■ Entries shown:

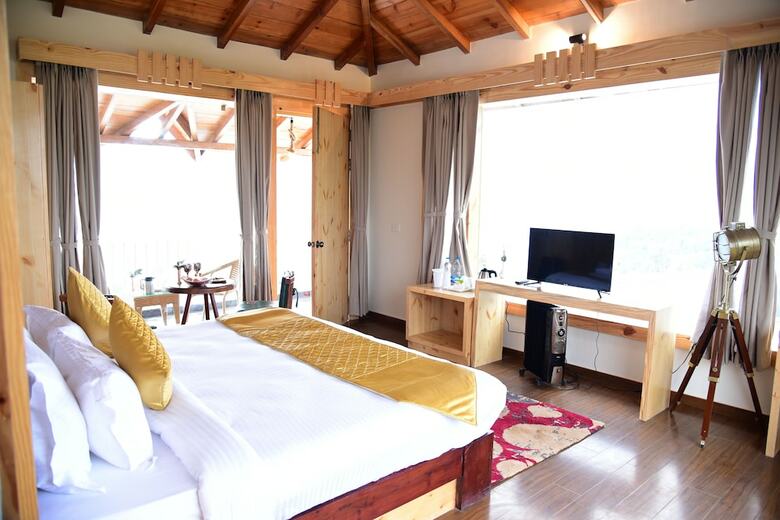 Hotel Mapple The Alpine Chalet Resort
==
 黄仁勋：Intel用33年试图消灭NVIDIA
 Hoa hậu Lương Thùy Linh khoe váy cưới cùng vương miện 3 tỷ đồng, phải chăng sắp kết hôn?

■ What to do: Quote the listing above, but only from the line that shows "黄仁勋：Intel用33年试图消灭NVIDIA" through the line that shows "Hoa hậu Lương".

■ Reply to the exercise:
 黄仁勋：Intel用33年试图消灭NVIDIA
 Hoa hậu Lương Thùy Linh khoe váy cưới cùng vương miện 3 tỷ đồng, phải chăng sắp kết hôn?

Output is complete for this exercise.